Когда затянувшийся обед наконец завершился, грузно поднявшийся из-за стола князь, слегка потянувшись, предложил мужчинам перекинуться в гостиной в картишки либо пройти с ним в бильярдную — сыграть партийку-другую.
— Понятно, кому угодно. А кому неугодно, может и ногами подрыгать, потанцевать с дамским полом. Прошу!..
ВАЛЬС И ФЕЙЕРВЕРК
Музыка на хорах умолкла было, но тут же зазвучала вкрадчивыми, ритмичными, невольно зажигающими тактами ланнерского вальса. Мужчины помоложе стали приглашать барышень и подходящих по возрасту дам, и в «тронном зале», где уже зажгли свечи люстр, начались танцы.
Чувствуя после обеда легкий туман в голове и приятную общую приподнятость, Турчанинов намеревался было подойти к Софи, однако его опередил князь Илья. Он и за обедом, заметил Иван Васильевич, то и дело на нее поглядывал.

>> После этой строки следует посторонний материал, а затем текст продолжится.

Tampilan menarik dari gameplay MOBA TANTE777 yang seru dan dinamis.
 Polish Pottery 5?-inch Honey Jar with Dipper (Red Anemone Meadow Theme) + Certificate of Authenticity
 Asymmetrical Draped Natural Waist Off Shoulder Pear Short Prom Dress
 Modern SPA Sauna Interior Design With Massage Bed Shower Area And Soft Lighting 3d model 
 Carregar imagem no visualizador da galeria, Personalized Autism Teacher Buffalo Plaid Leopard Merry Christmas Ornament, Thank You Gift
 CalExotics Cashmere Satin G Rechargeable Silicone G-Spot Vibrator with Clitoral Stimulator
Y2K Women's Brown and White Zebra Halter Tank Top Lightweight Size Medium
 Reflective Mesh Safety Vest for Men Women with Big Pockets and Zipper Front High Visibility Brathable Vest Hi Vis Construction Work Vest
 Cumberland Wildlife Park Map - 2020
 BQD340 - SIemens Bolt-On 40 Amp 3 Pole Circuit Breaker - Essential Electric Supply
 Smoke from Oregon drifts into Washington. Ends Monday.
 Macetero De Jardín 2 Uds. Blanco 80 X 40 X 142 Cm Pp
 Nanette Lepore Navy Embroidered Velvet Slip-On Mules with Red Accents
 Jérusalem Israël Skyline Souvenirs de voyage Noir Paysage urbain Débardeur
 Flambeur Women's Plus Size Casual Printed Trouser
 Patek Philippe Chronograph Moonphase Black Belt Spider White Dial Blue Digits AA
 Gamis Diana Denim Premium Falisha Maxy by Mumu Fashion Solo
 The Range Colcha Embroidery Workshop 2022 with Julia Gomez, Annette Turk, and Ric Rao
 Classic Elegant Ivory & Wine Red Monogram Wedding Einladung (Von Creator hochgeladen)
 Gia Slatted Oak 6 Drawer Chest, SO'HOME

Прислонясь к стене, Турчанинов глядел на танцующих. Мимо него летел круговорот то исчезающих на минуту, то опять возникающих цветных фраков с отлетающими фалдами и раздувающихся белых, желтых, красных, голубых платьев. Мелькали напомаженные коки и лоснящиеся лысины, крылышки эполет и красные мундирные нагрудники, залихватские военные усы и благопристойные чиновничьи бакенбарды, дамские шиньоны, локоны, рюши, оборки... Моды отставали от столичных на добрый десяток лет.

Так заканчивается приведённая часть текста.